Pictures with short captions
□ □ □

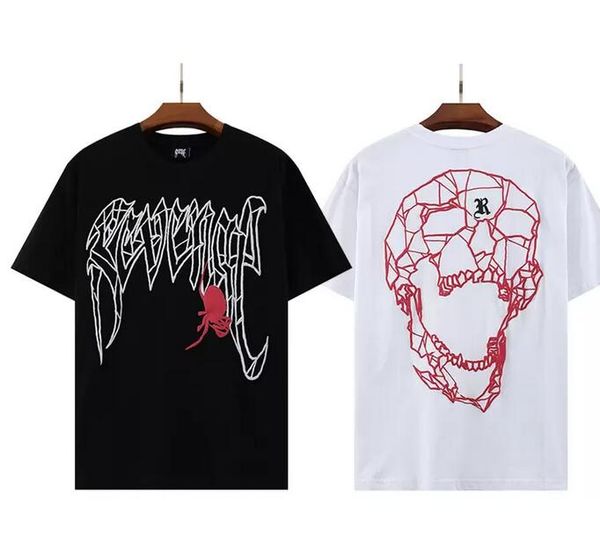 

black white spider revenge t shirts men women skull print on the back tees t-shirt clothing, White;black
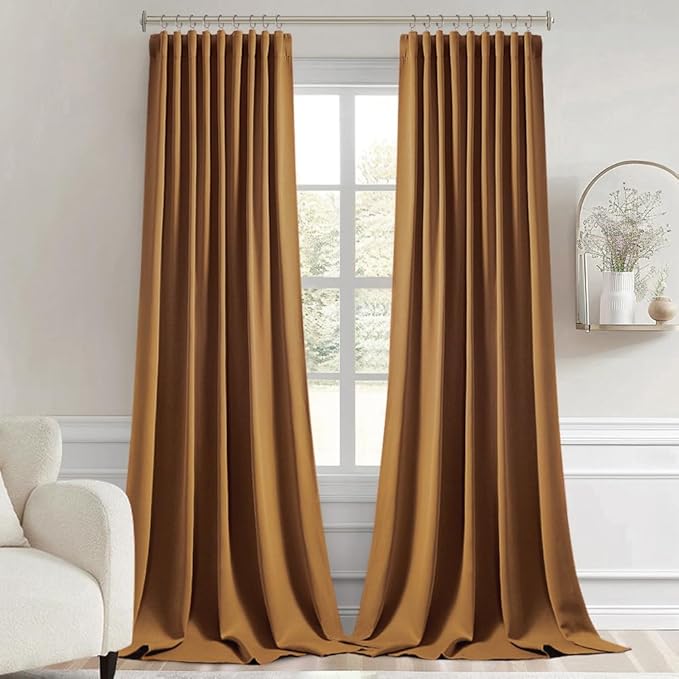 MIULEE Golden Brown Back Tab Blackout Curtains 52x96 Inch Long 2 Panels Set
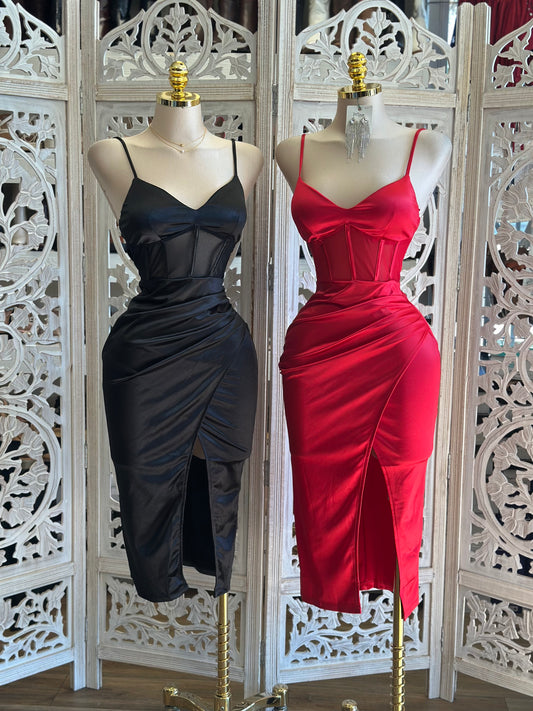 Mesh Corset Satin Dress- Stretchy,Estira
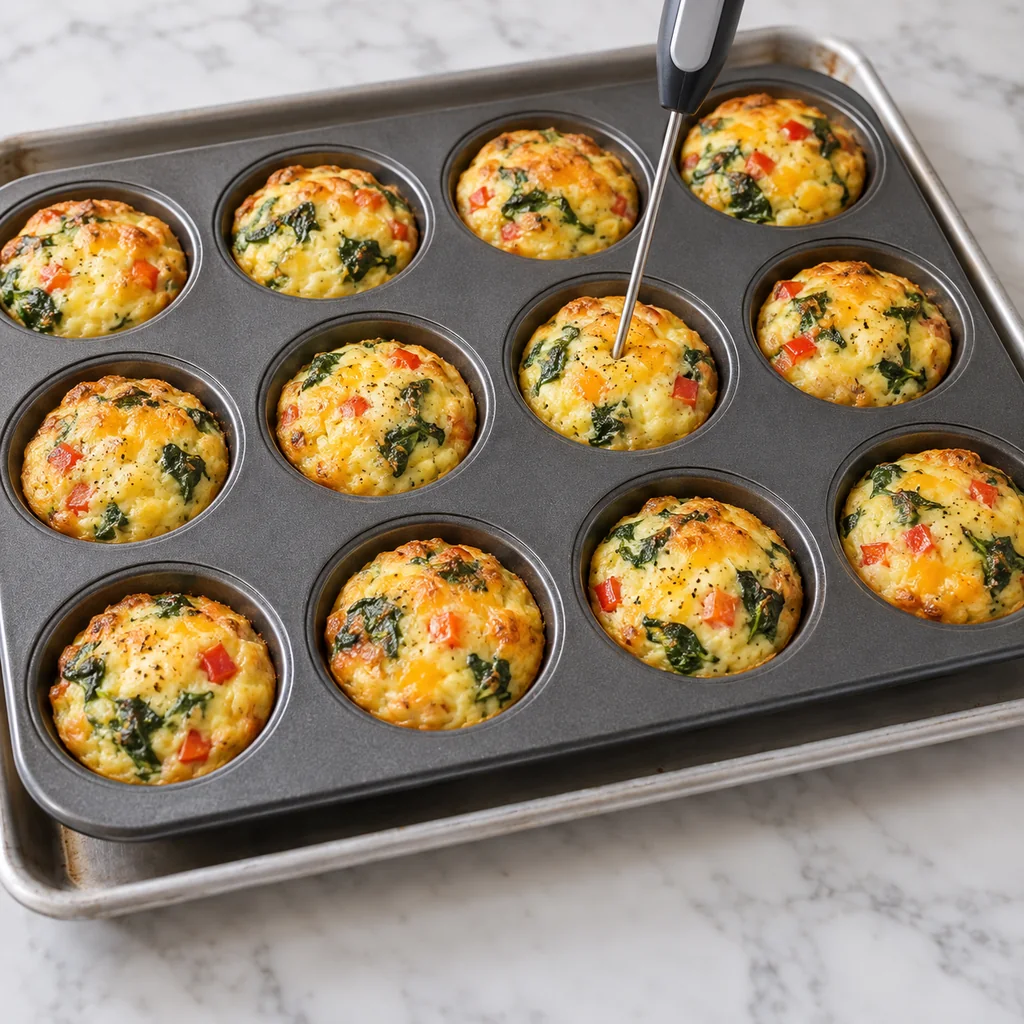 Set golden egg bites in a muffin tin with a thermometer probe checking the center of one bite
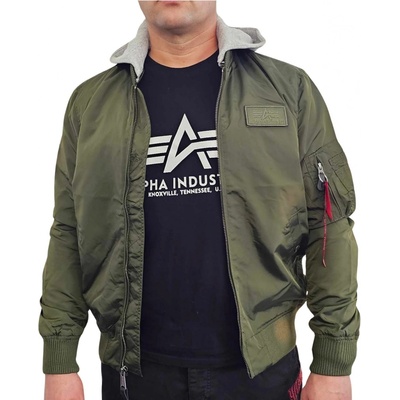 Alpha Industries pánska prechodná bunda MA-1 TT HOOD dark green zelená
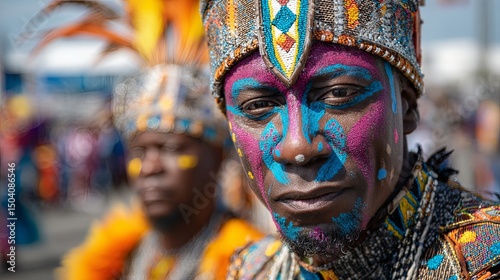 Colorful Face Painted Man at Mashramani Festival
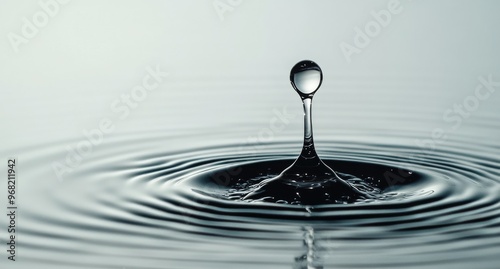 Water droplet creates ripples on a calm surface in a serene environment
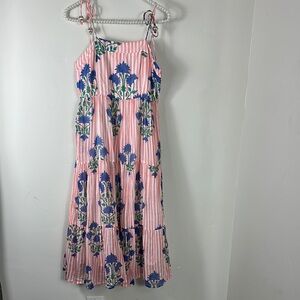 Tuckernuck Oliphant Pink Peach Camden Long Tassel Midi Floral Pink Dress Small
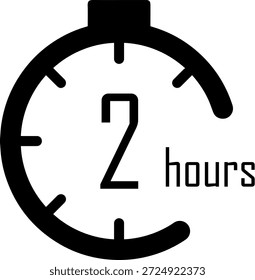 2 Minuten Zeit. Zeitmessung. Chronometer, Vektorsymbol, schwarz, einzeln auf weißem Hintergrund.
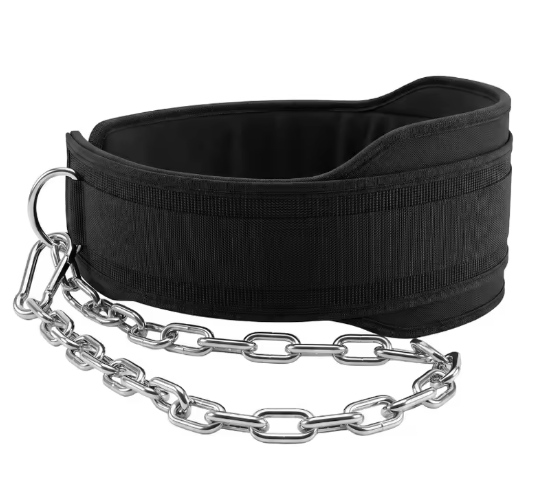 Cinturón de Lastre con Cadena de Acero de 104,5 cm, Acolchado y Ajustable, para Dominadas, Fondos y Entrenamiento de Fuerza, Negro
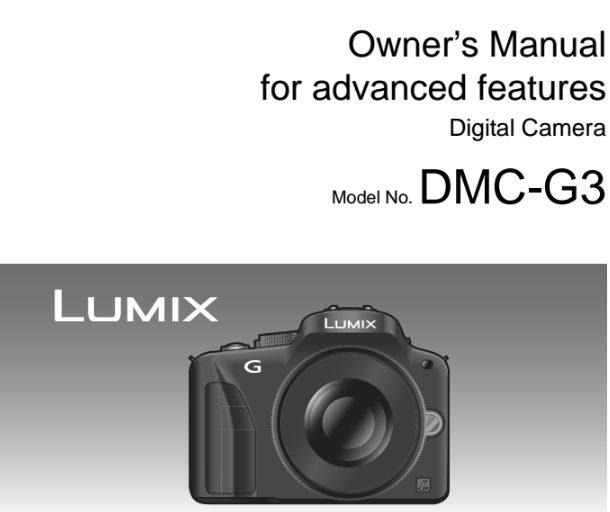 Panasonic Lumix DMC-G3 Manual
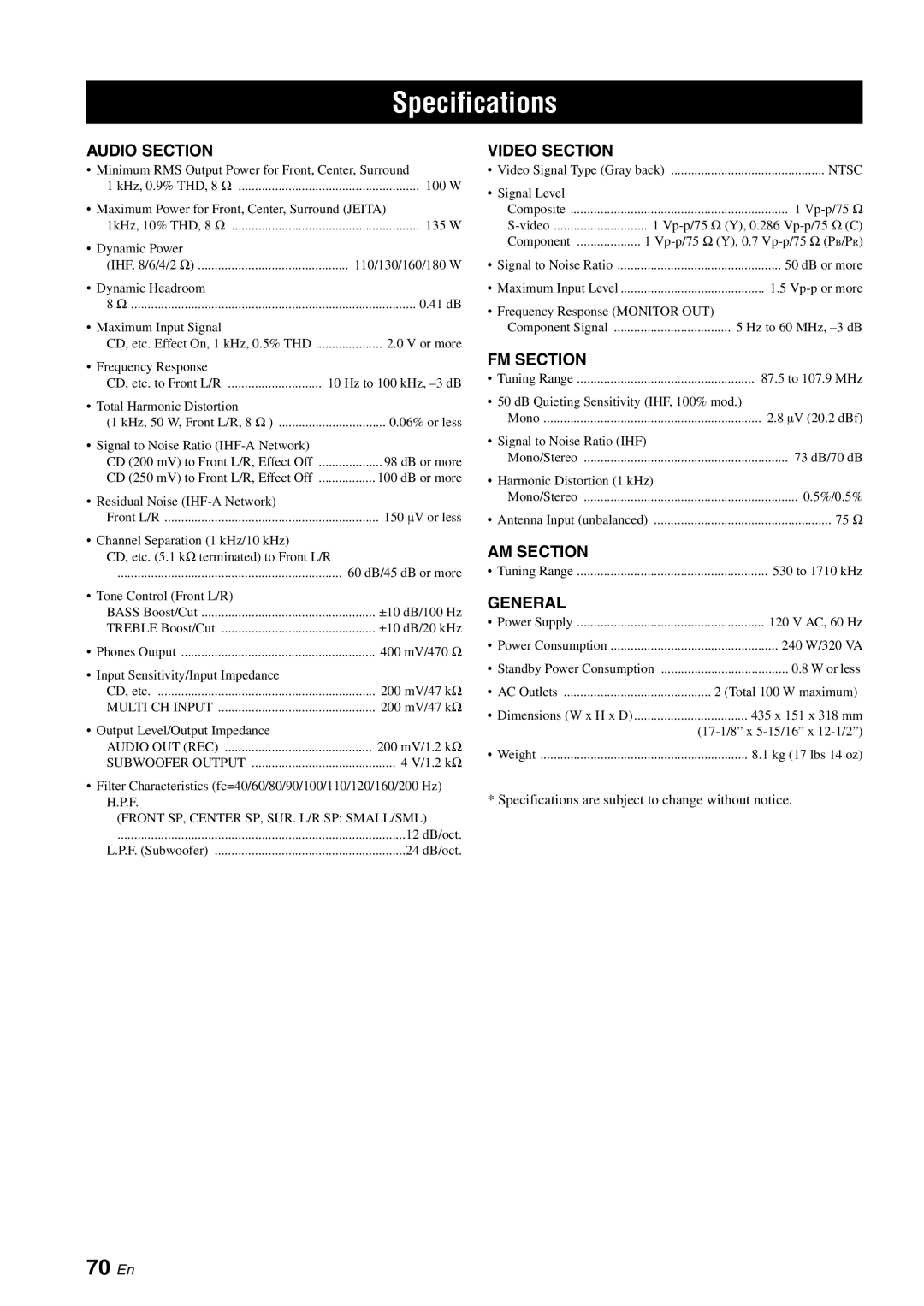 Yamaha RX-V561 owner manual Specifications, 70 En 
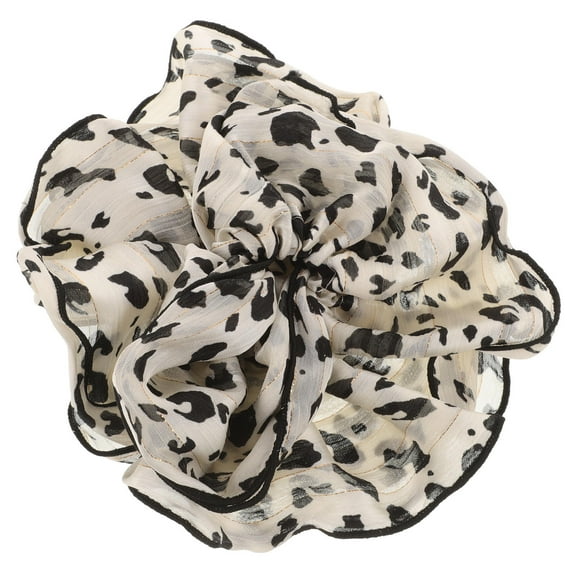 ELAYARD Large Leopard Print Scrunchies Bulk Fabric Hair Bands for Thick Hair Stylish Look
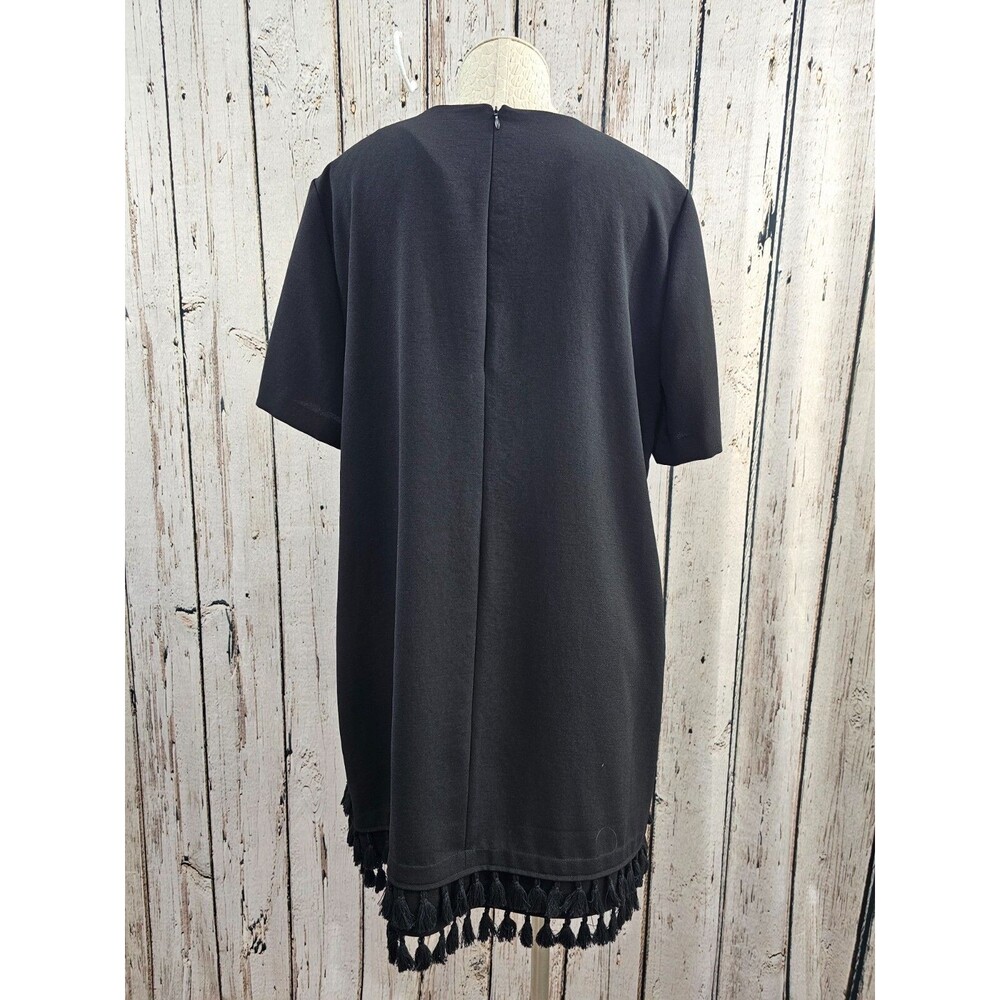 Zara XXL Woman Black Tassel‎ Hem Short Sleeve Chic Minimalist Shift Shirt Dress - Picture 5 of 7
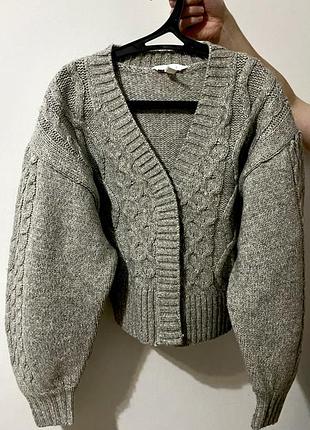 Кардиган жіночий h&m сірий хс з обʼємними рукавами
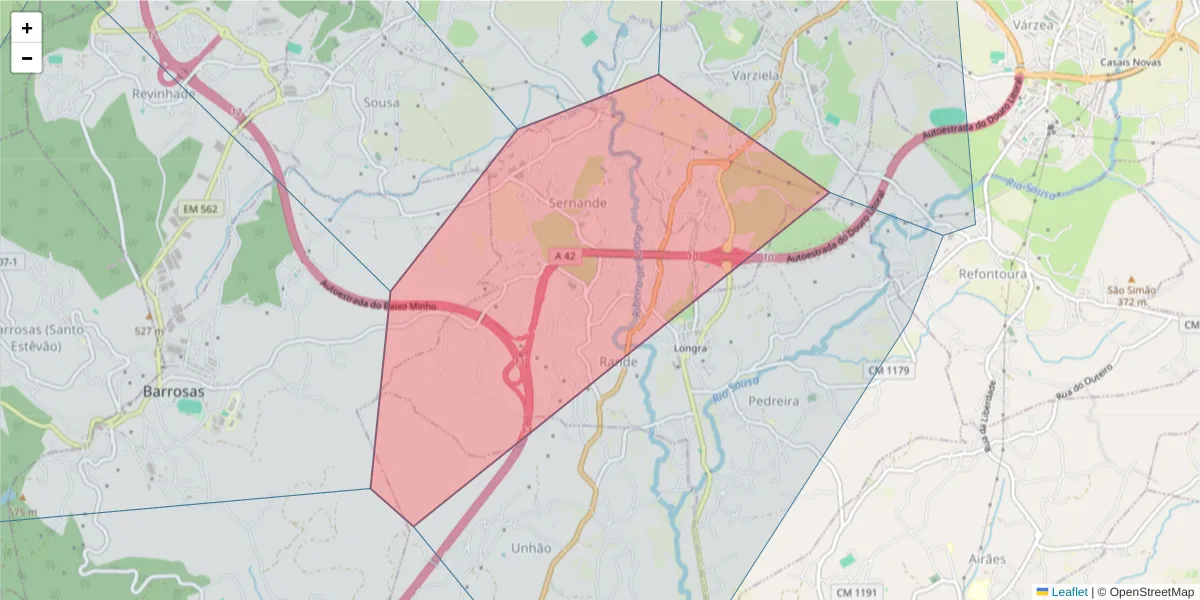 Mapa detalhado do código postal 4650-327 Rande com limites, códigos postais vizinhos e agências dos correios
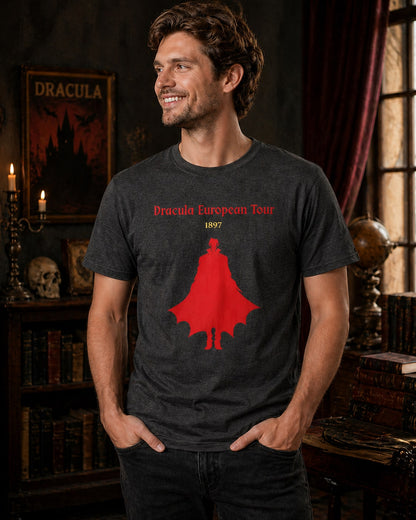 Dracula European Tour Special Edition – Front & Back Print T-Shirt Dark Heather Grey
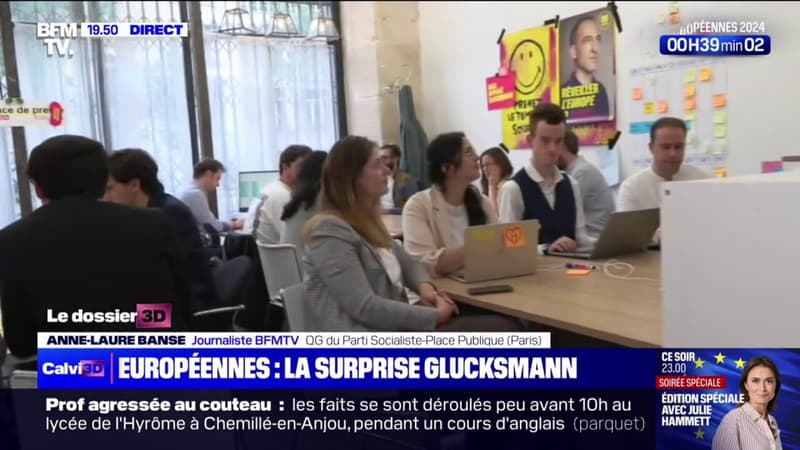 Européennes 2024, le débat: des militants PS mobilisés pour répondre aux attaques contre Raphaël Glucksmann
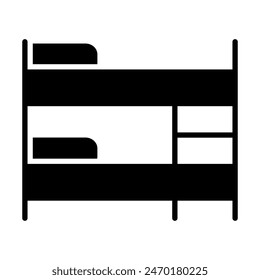 Bunk bed vector solid icon. Graph symbol for furniture, web site and apps design, logo, app, UI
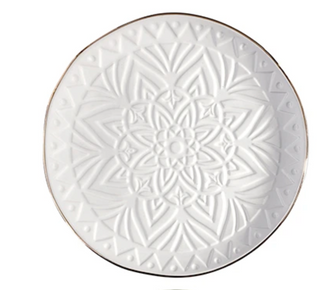 Snowflake Gold Stamped Appetizer Plate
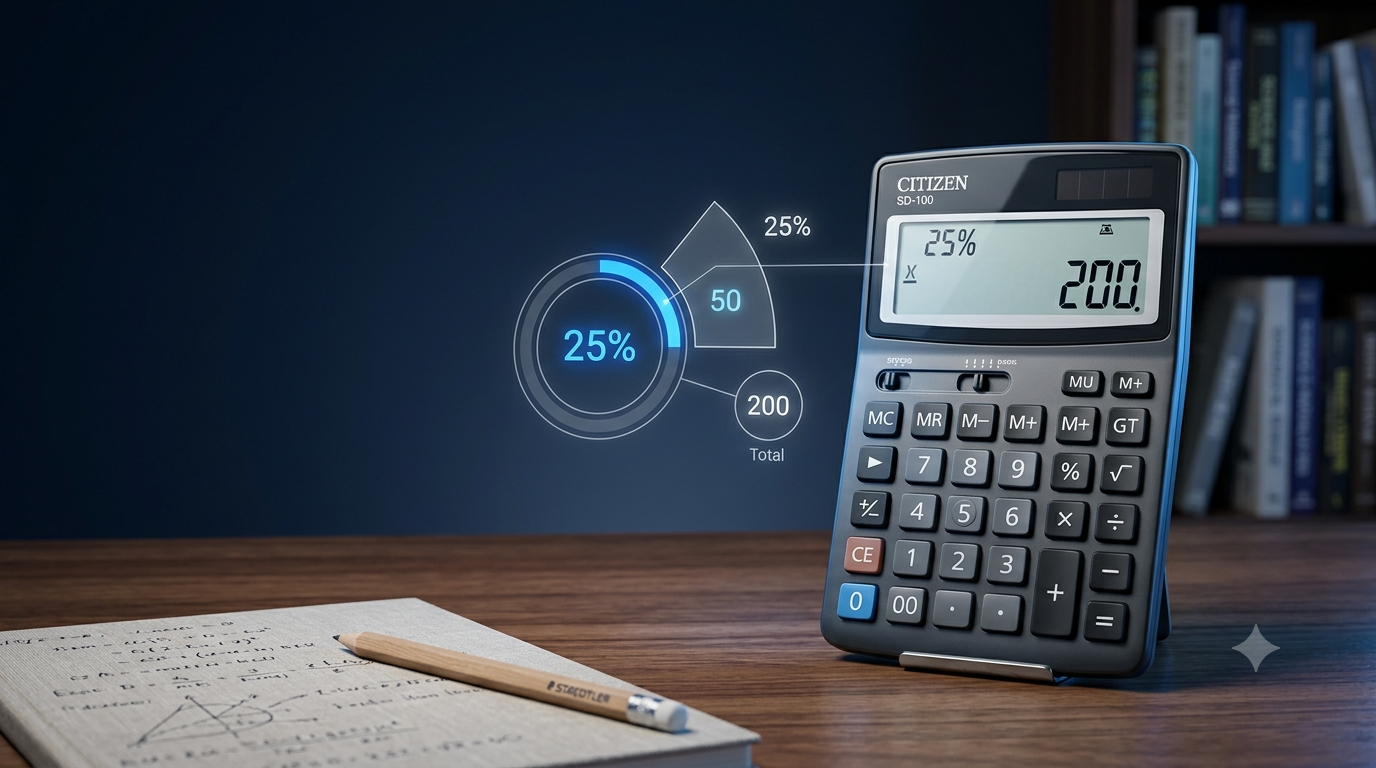 Realistic 3D calculator illustrating percentage calculations and mathematical values.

□ □ □

Set the pictures aside and reproduce exactly the lines above, from the line holding "Mapa detalhado do" through the line holding "Snowflake Gold Stamped Appetizer Plate", both included, with nothing else.

▶ _SOLUTION TO THE PROBLEM_:
 Mapa detalhado do código postal 4650-327 Rande com limites, códigos postais vizinhos e agências dos correios
 Dracula European Tour Special Edition – Front & Back Print T-Shirt Dark Heather Grey
 Européennes 2024, le débat: des militants PS mobilisés pour répondre aux attaques contre Raphaël Glucksmann
 Bunk bed vector solid icon. Graph symbol for furniture, web site and apps design, logo, app, UI
 Snowflake Gold Stamped Appetizer Plate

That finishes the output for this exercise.